▸ **Records for processing**
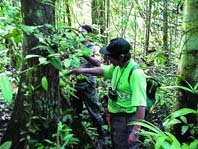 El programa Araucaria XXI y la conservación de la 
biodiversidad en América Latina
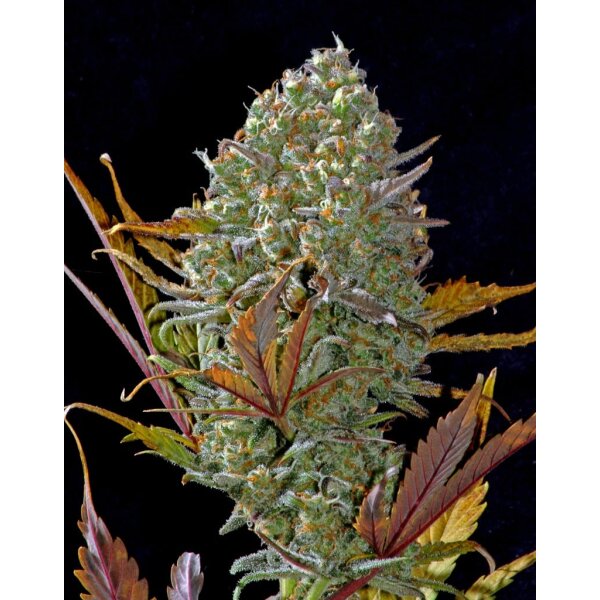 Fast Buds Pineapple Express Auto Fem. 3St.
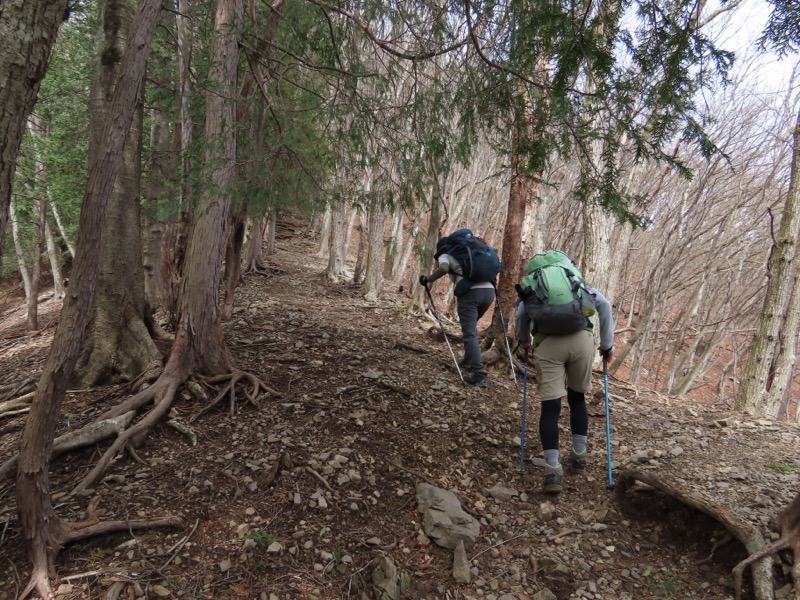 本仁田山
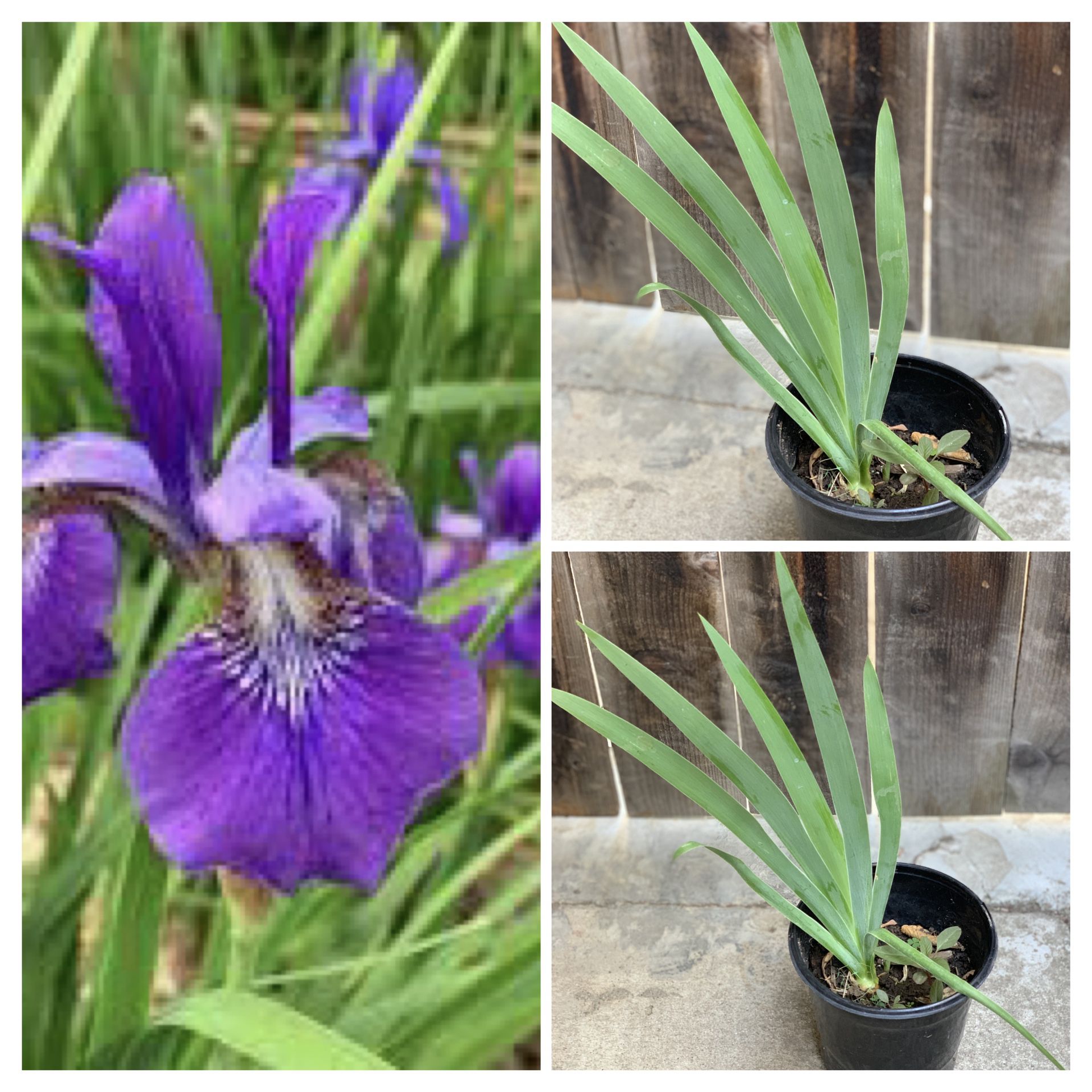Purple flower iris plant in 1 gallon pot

==

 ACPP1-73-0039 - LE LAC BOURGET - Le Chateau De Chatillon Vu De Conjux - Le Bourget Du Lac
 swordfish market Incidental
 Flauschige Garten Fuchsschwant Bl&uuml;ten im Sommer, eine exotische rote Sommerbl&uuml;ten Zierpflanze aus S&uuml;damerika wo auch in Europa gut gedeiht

--

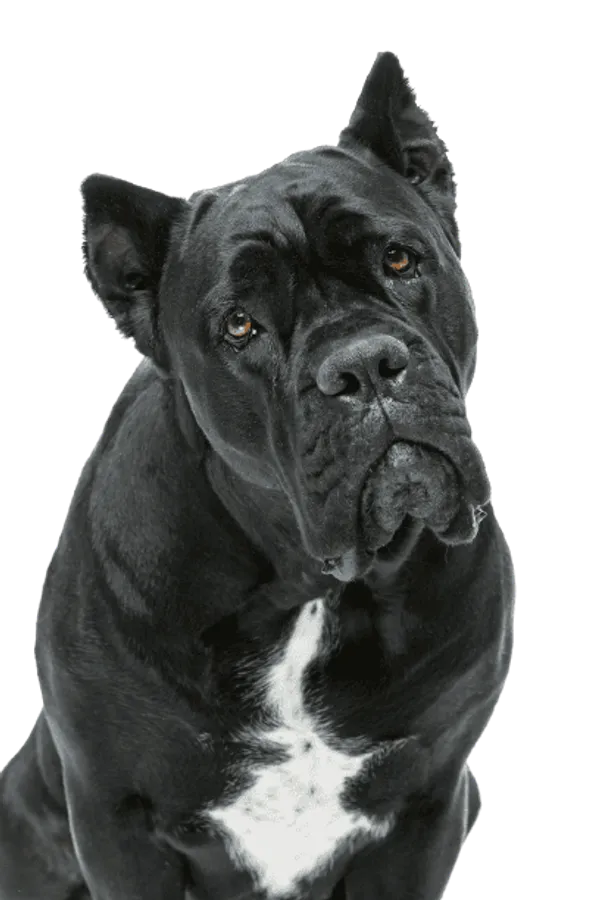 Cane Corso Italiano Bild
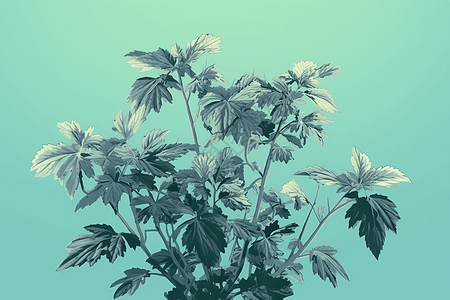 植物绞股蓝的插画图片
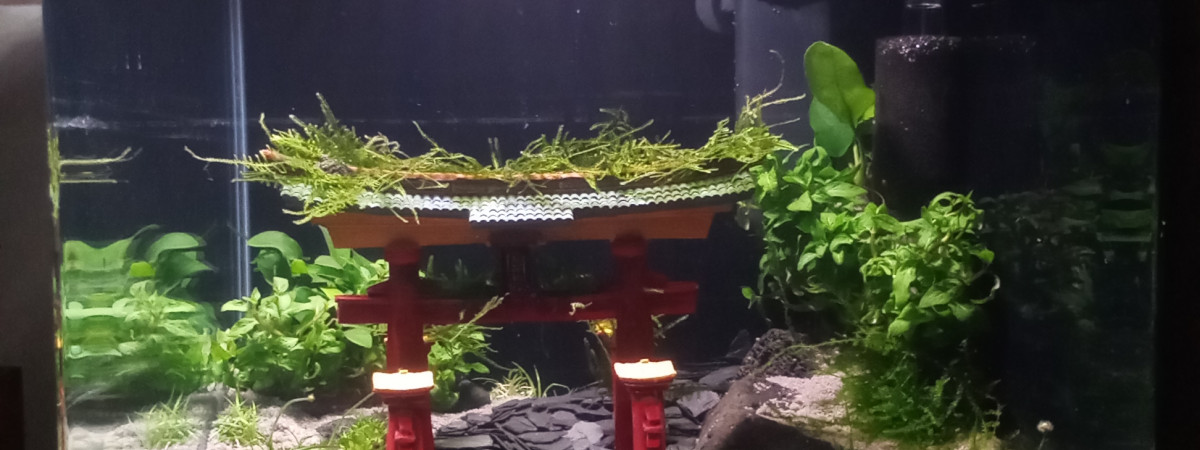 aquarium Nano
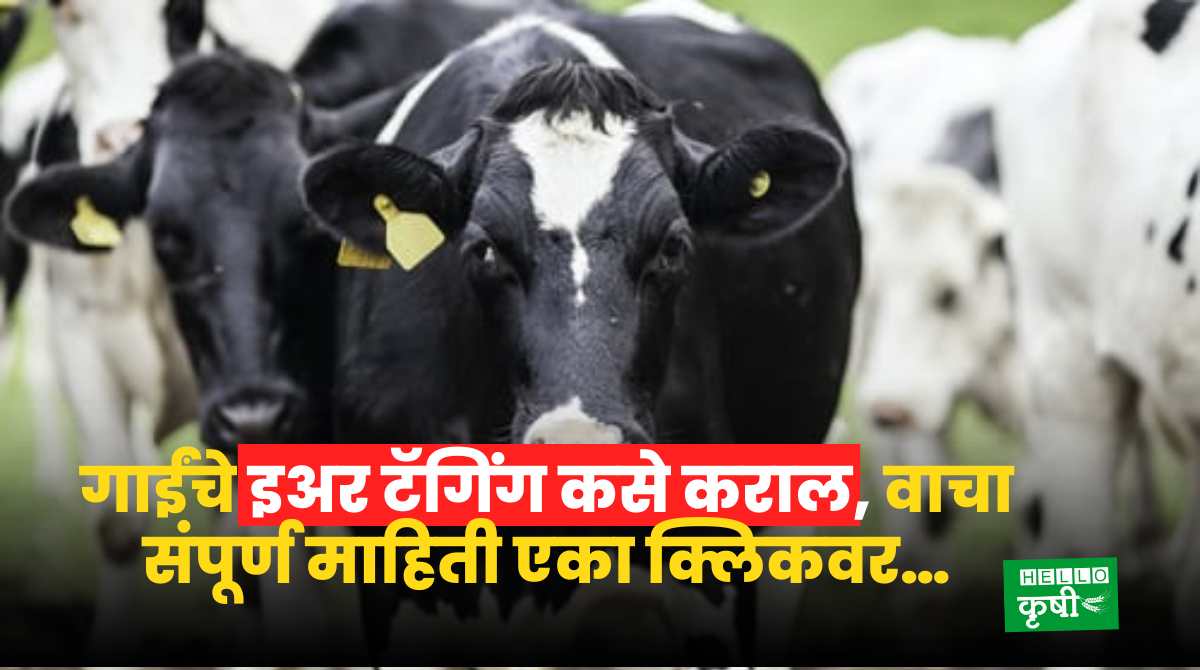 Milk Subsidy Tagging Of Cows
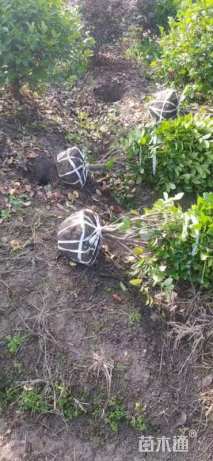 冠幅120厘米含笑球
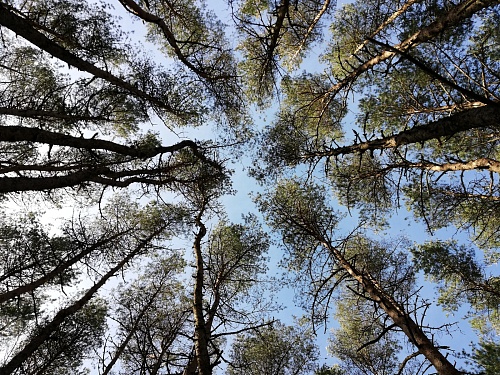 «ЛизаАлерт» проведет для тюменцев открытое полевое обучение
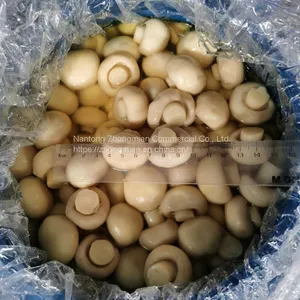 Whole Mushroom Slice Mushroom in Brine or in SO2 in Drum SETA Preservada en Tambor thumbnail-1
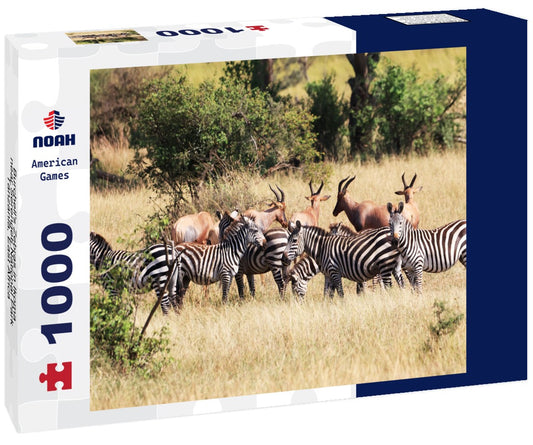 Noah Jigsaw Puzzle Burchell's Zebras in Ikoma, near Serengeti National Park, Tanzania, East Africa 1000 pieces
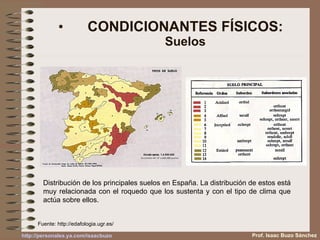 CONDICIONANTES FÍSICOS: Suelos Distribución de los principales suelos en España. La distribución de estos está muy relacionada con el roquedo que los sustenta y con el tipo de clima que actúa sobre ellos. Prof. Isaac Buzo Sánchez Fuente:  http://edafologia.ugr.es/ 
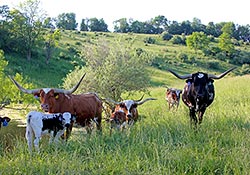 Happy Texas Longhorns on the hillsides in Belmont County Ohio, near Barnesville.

▸ **Aim of the exercise**
Only one stretch of the listing above is to be duplicated: the lines from the one containing "El programa Araucaria" through the one containing "Purple flower iris plant in 1 gallon pot", both included. Copy them exactly, minus the pictures.

▸ **Task response**
 El programa Araucaria XXI y la conservación de la 
biodiversidad en América Latina
 Fast Buds Pineapple Express Auto Fem. 3St.
 本仁田山
Purple flower iris plant in 1 gallon pot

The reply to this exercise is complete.